▶ Stored data
____________
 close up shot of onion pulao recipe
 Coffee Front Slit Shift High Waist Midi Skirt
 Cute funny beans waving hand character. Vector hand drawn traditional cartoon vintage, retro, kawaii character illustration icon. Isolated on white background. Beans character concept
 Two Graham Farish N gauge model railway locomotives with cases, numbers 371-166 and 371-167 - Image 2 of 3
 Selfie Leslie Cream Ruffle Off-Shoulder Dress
____________
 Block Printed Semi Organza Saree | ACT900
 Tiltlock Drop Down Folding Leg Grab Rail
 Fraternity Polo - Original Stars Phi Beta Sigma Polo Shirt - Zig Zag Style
____________
▶ Aim of the task
Above is a listing; print exactly its lines from the one with "close up shot of onion pulao recipe" through the one with "Selfie Leslie Cream", and no other lines.

▶ Problem solution
 close up shot of onion pulao recipe
 Coffee Front Slit Shift High Waist Midi Skirt
 Cute funny beans waving hand character. Vector hand drawn traditional cartoon vintage, retro, kawaii character illustration icon. Isolated on white background. Beans character concept
 Two Graham Farish N gauge model railway locomotives with cases, numbers 371-166 and 371-167 - Image 2 of 3
 Selfie Leslie Cream Ruffle Off-Shoulder Dress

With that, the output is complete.